Editor's note: This story was updated May 8 with the correct anniversary year for the moon speech.

NASA has its sights set on building a lunar base before sending astronauts from the moon to Mars, and other space industry developments are ongoing.

Johnson Space Center Director Vanessa Wyche shared several space-related updates during a luncheon April 26 at the University of Houston-Clear Lake.

“We really do have a renaissance happening right now in space and space exploration,” Wyche said.

For one, NASA earlier in April announced the four astronauts slated for Artemis 2, the first mission in 50 years that will bring humans within close vicinity to the moon. The mission will be a lunar flyby to prepare for humans to again walk on the moon, Wyche said.

NASA also recently celebrated the 60th anniversary of President John F. Kennedy’s moon speech at Rice University. Over 45,000 students attended the event, Wyche said.

Wyche also said she signed an agreement with UHCL to formalize and make an umbrella for ongoing partnerships between NASA and higher education institutions. NASA also recently completed its DART mission, which involved crashing a spacecraft into an asteroid to change its orbit, proving NASA could prevent asteroids “from killing all of us,” Wyche said.
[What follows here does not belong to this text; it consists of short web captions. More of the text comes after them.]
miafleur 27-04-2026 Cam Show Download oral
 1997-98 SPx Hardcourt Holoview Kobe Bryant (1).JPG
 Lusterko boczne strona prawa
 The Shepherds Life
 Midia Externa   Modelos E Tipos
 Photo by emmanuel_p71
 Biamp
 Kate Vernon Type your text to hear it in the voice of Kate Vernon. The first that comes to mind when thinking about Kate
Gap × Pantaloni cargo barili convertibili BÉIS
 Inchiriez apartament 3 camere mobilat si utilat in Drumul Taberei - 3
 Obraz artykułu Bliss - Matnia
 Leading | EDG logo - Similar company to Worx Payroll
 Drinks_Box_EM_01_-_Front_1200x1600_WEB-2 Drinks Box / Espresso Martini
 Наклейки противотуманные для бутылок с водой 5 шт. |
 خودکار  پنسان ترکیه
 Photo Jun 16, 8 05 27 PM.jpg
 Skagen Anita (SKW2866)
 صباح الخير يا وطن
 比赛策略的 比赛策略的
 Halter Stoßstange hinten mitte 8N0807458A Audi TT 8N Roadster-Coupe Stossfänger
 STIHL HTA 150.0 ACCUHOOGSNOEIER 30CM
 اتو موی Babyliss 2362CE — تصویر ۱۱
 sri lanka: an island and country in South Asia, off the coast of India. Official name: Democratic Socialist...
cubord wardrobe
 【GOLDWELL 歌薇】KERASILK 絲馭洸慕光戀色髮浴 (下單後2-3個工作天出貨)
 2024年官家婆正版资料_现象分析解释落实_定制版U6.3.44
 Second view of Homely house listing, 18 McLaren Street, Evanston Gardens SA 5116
For about the past 10 years, NASA could not launch astronauts from U.S. soil to the International Space Station and instead had to launch from other countries. The Commercial Crew Program changed that, allowing SpaceX and soon Boeing to launch NASA astronauts to the ISS, Wyche said.

Axiom Space, which has a presence at the Houston Spaceport, has been awarded three missions to the ISS, one of which was recently completed and another of which is scheduled for launch in May. Boeing is building its Starliner spacecraft to give NASA more capability to launch astronauts from Florida as early as this summer, Wyche said.

The ISS will stay in commission until 2030, after which it will be decommissioned, but NASA doesn’t plan to lose access to low Earth orbit. Axiom, Northrop Grumman, Nanoracks and Lockheed, and Blue Origin and Sierra are all developing private space stations that will allow NASA to continue to test and research close to home before moving onto the moon and Mars, Wyche said.

The Johnson Space Center is responsible for Orion, the new spacecraft that will be part of the Artemis missions, and Gateway, a space station that will orbit the moon similar to the ISS orbiting Earth. The Gateway will allow astronauts to move between it and the moon and eventually onto Mars, Wyche said.

On the moon, NASA will build a lunar base that will allow astronauts to “live off the land” and create rocket fuel before moving onto Mars, she said.

Axiom and Collins Aerospace, which also has a spaceport presence, have been contracted to make NASA’s next generation of spacesuits—the first suits designed for lunar exploration since the 1980s, Wyche said.

NASA is also developing lunar terrain vehicles, or moon buggies, that, unlike the ones of the Apollo era, will be autonomous when astronauts aren’t driving them, Wyche said.

Additionally, NASA has a commercial lunar payload services program in which private companies deliver lunar landers to the moon loaded with NASA payloads to conduct research. Intuitive Machines, which also has a spaceport presence, is one such company and plans to launch its first payload to the moon in June, Wyche said.

With so many missions in the works, Wyche acknowledged they might not all succeed, which is why NASA is being so methodical in its approach.

“These are very, very risky missions we’re about to go on,” she said.

For 60 years, Johnson Space Center has been the leader of space exploration, but today, there are so many entities going to space, from private astronauts, such as the ones Axiom has launched, to commercial companies. Wyche said NASA is interested in working with anyone trying to reach space.

“NASA has a responsibility for providing our facilities, our experts to make anyone who’s interested in going into space ... be successful,” she said.